Iron deficiency may protect against malaria infection and mortality, reports a new study published Sunday (April 15) in Clinical Infectious Diseases. The data, gathered from nearly 800 Tanzanian children followed from birth to age three, support growing doubt regarding iron supplementation in children and pregnant women living in malaria-endemic areas.

“This study provides new data indicating that naturally occurring iron deficiency is actually protective against malaria,” Philip Fischer, a Mayo Clinic pediatrician who was not involved in the research, wrote in an email. The project expands upon previous studies that had suggested that iron supplementation increased risk of malaria infection, Fischer explained.

Understanding the interaction between malaria infection and iron is of paramount importance in areas where malaria kills many children, said Patrick Duffy, study author and chief of the Laboratory of Malaria Immunology and Vaccinology at the National Institute of Allergy and Infectious Diseases. Iron deficiency can cause its own problems in children, including delayed development and poor growth, but a supplementation program that may increase malaria risk cannot be undertaken lightly, Duffy said.

His group’s study was designed to address the controversial issue of whether iron supplementation increased malaria risk, as previous studies of the phenomenon were contradictory. “We wanted to follow these children over time and see whether iron deficiency could predict malaria risk,” rather than take a snapshot and try to correlate iron deficiency with malaria infection, explained Duffy.

In order to determine whether iron deficiency might have a protective effect, Duffy’s group followed 785 children from birth to age three. Doctors assessed the children’s overall health at routine well child visits (conducted every two weeks for the first year and monthly thereafter) and analyzed blood smears for evidence of parasite infection and iron levels. The study focused on children at the greatest risk of contracting malaria, Duffy explained.

Duffy’s group found that iron deficiency appears to protect against both malaria infection and mortality, as well as all causes of mortality in the young children they followed.

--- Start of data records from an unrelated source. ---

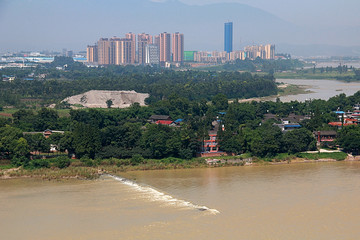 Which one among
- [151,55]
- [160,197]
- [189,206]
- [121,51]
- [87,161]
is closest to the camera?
[189,206]

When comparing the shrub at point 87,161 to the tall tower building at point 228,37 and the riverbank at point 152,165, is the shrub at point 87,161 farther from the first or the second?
the tall tower building at point 228,37

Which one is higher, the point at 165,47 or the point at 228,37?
the point at 228,37

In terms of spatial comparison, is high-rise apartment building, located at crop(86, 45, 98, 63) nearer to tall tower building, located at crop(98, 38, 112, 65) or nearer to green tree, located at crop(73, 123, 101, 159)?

Children with iron deficiencies were approximately 7 times less likely to contract malaria, and their blood parasite count when they did contract the disease was about 4-fold lower. Children with normal iron levels were 4 times more likely to acquire severe malaria infection and 24 times more likely to have elevated parasite levels in their blood.

The results are “very likely to be true,” and the number of children involved, close monitoring, and “outstanding” rate of follow-up in the study strengthened the results, said Chandy John, a pediatric infectious disease specialist at the University of Minnesota Medical School who did not participate in the study. Although causation is not yet proved, John said, the data is very unlikely to be mere correlation.

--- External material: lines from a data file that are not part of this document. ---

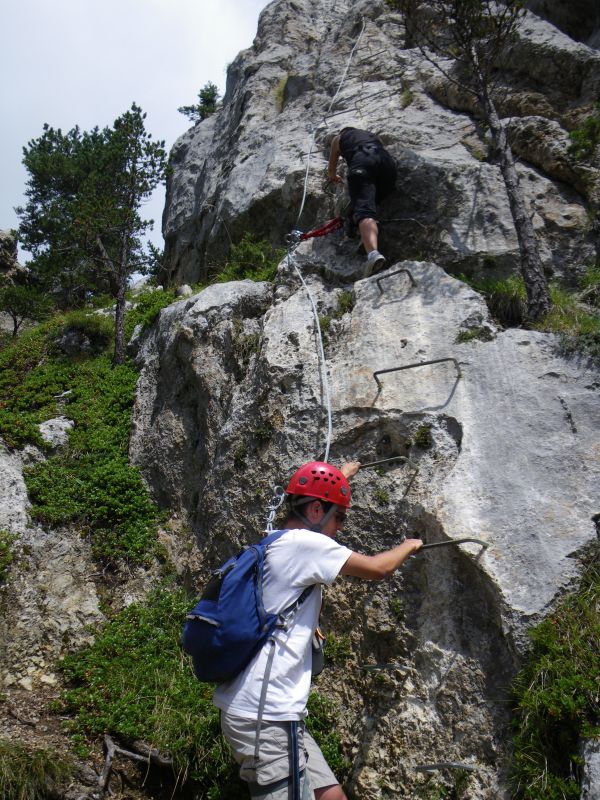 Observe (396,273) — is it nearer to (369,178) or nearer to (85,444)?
(369,178)

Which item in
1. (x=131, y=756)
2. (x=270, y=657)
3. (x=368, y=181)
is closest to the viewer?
(x=270, y=657)

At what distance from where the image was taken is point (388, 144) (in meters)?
10.2

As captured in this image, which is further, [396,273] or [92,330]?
[92,330]

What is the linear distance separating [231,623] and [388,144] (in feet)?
28.9

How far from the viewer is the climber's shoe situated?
26.0 ft

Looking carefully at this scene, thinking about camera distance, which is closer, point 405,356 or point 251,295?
point 405,356

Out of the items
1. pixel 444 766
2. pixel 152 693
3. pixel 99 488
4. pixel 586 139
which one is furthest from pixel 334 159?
pixel 444 766

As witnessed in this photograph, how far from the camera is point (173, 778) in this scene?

How, exactly, iron deficiency may be working to protect against malaria remains to be seen, said Duffy. Organisms in general need iron, he explained, so it may be that malaria parasites cannot grow as well without access to abundant iron. Severe malaria is associated with parasite infection creating sticky red blood cells, and it may be that without iron, infected red blood cells become less sticky.  Another hypothesis, he said, is that iron may alter the protective immune response against the parasite.

Duffy also highlighted the reduction in mortality from all causes in iron-deficient children as an important finding. Again, he noted, more work needs to examine the mechanism—does iron deficiency directly protect against many infectious diseases, or do malaria infections predispose children to other health problems?

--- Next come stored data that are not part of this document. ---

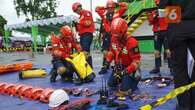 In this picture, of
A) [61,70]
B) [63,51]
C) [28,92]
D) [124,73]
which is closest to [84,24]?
[63,51]

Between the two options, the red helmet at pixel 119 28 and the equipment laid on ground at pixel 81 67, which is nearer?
the red helmet at pixel 119 28

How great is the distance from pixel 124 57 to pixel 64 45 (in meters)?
2.84

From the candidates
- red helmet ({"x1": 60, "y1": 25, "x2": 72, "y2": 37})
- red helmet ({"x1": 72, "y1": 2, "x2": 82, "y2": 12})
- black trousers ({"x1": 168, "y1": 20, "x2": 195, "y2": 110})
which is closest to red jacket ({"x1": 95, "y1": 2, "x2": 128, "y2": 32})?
red helmet ({"x1": 72, "y1": 2, "x2": 82, "y2": 12})

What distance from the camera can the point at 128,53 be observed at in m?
7.63

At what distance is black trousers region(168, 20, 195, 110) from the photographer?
15.9 ft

Better tools for accurately measuring iron deficiency are needed, said Duffy, whose lab is looking at how red blood cells incorporate zinc, to which developing cells turn when iron is scarce.

It’s also vital to understand more about how the severity of iron deficiency may affect protection against infection, Duffy said, so health officials can help children avoid the detrimental effects of malaria and iron deficiency. Fischer pointed out that the results argue for a more holistic approach to children’s healthcare, rather than concentrating on only one facet, writing, “Sometimes, helping part of a child can be worse than doing nothing.”

M. Gwamaka, et al., “Iron Deficiency Protects Against Severe Plasmodium falciparum Malaria and Death in Young Children,” CID, 54:1137-44, 2012.